ひろかずのブログ

加古川市・高砂市・播磨町・稲美町地域の歴史探訪。
かつて、「加印地域」と呼ばれ、一つの文化圏・経済圏であった。

稲美町探訪(99):国岡新村の開発⑥・前例、文書主義

2010-01-31 12:18:41 |  ・稲美町国岡

すでに述べたように、新田村が用水を獲得するには、旧来からの水利権に割りこむことになります。

用水権の再調整が必要となります。

   解決は「内済」が原則

579b1ae6 これには、すでに述べたように藩権力が大きな役割をはたしました。

新しい水利秩序ができあがると、その運営には藩は原則的には介入せず、基本的には「自らの用水は、自らの力で守りなさい」という方針をとりました。

藩がその後も指導をするとなると膨大な事務になるし、また間違った判断をした場合、農民の不満を藩が背負うことになります。

それに何よりも、当事者の納得の解決が一番良い方法であることを藩は、知っていました。

とはいうものの、用水の争いはしばしば発生しました。

その全てを、問題のおきた集落間で解決できたわけではありません。

代官所に訴え出る場合もありました。

前号の、草谷川の川郷8ヶ村と国岡・加古新村との水争いも代官所へ訴えでた一例です。

   水がたくさんある時

双方、その言い分を主張します。

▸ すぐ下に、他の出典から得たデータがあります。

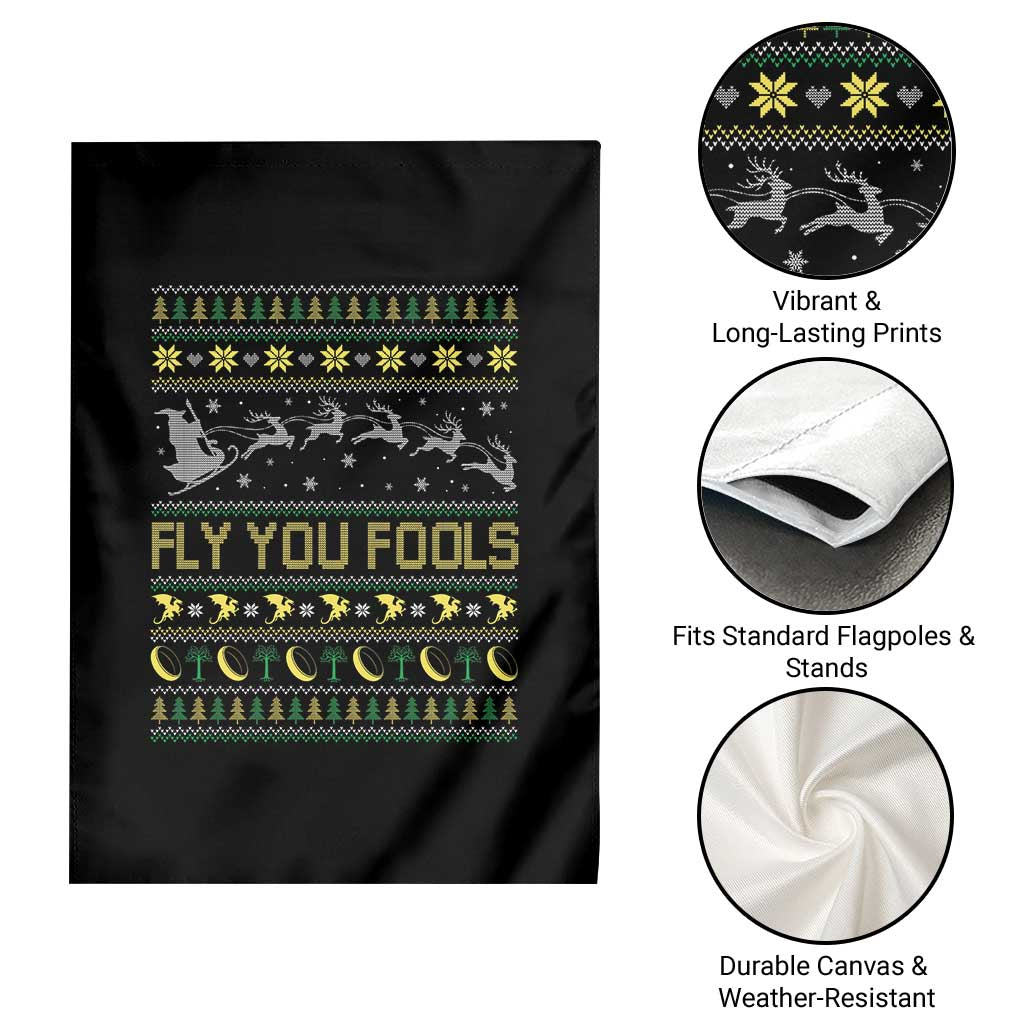 Funny Fly You Fools Christmas Garden Flag Fantasy Movie Xmas Wizard Santa TS11 Print Your Wear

が、判決の決め手は「前例」でした。

「以前、どのような取り決めがされたのか」ということです。

延宝8年(1680)の文書(国岡土地改良区所蔵)に次のような記述があります。

 「(大溝用水からの取水に関して)冬春之儀ハ少シ茂構無御座候、四月より七月迄之内、用水之時者下江流申様願申候、四月より七月迄之内たりとも水沢山の時者、少シ茂構無御座候、・・・延宝八年申ノ六月・・・

現代文にしておきます。

「・・・灌漑期であって水が沢山あるときは、草谷川から水を取ってもかまわない・・・延宝八年(1680)・・・」

つまり 「水がたくさんある時」というあいまいな記述が水争いの原因になるのですがですが、この記述により代官所はそのときの状況を判断することになりました。

もしこの記述がなければ、国岡・加古新村は対8ヶ村との訴訟で敗訴したと思われます。

代官所は、この記録とその時の状況を判断して国岡に有利な判決を下しました。

   保管されてきた古文書

争いごと(特に水争い)のおきやすい印南野台地の村々にとって記録(文書)は、単なる終わったことを記録した文書ではなく、その時・将来に備えて保管すべき大切な書類でした。

そのため、稲美町の各土地改良区には多くの古文書が保管されてきました。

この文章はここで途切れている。